SJ: Não é verdade, porque qualquer imagem do nosso país dependerá muito da sobrevivência do povo, das condições de sobrevivência do povo e essas condições são deploráveis neste momento. Não há piores condições que viver num país em que não temos hospitais para nos curar e não temos escolas onde aprender, para conhecer melhor o contexto onde vivemos para a sua transformação. Portanto, são viagens populistas e que lamentavelmente são realizadas por um Presidente da República e apoiadas por um governo que tem um líder em silêncio absoluto, como se não fosse o principal responsável pela governação do país.

DW África: Mas perante esta tensão social e uma crise sem fim à vista, como vê o discurso do Presidente da República que é acusado de ameaçar tudo e todos?

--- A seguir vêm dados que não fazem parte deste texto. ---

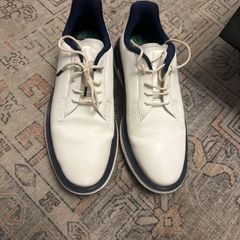 golf shoes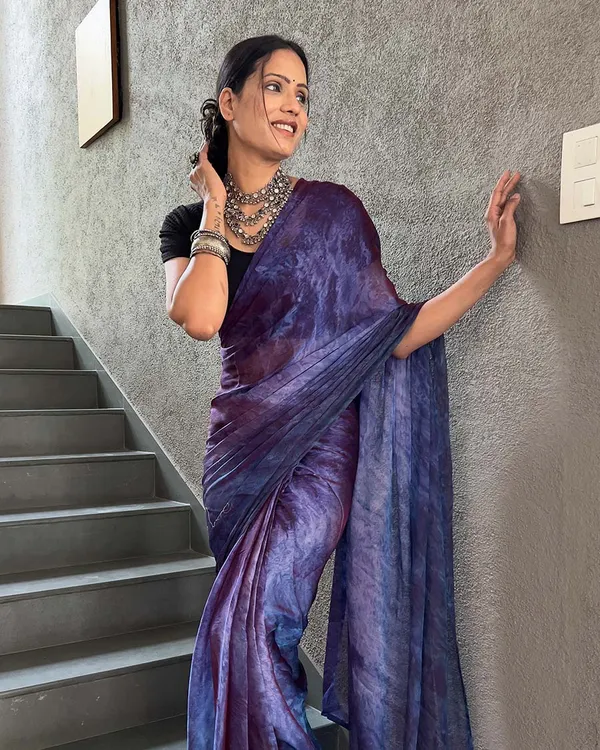 Navy_Blue_Color_1-Minute_Ready_To_Wear_Naylon_Saree_With_Blouse_Piece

SJ: O discurso de Umaro Sissoco Embaló é um discurso absolutamente autoritário e um discurso baseado em prepotência. É o próprio Umaro Sissoco Embaló que se intitula único chefe do país. O próprio Umaro Sissoco Embaló, como todos sabemos, ordenou ao Governo para cessar todas as negociações com os sindicatos a reivindicar as suas legítimas demandas ao governo, demandas que têm a ver com os seus direitos de salários, de melhores condições de vida, como todos nós sabemos a partir de informações públicas. E é o próprio Presidente da República que também chantageia a classe trabalhadora com ameaças de congelar o seu salário e o governo vai nessa cantiga.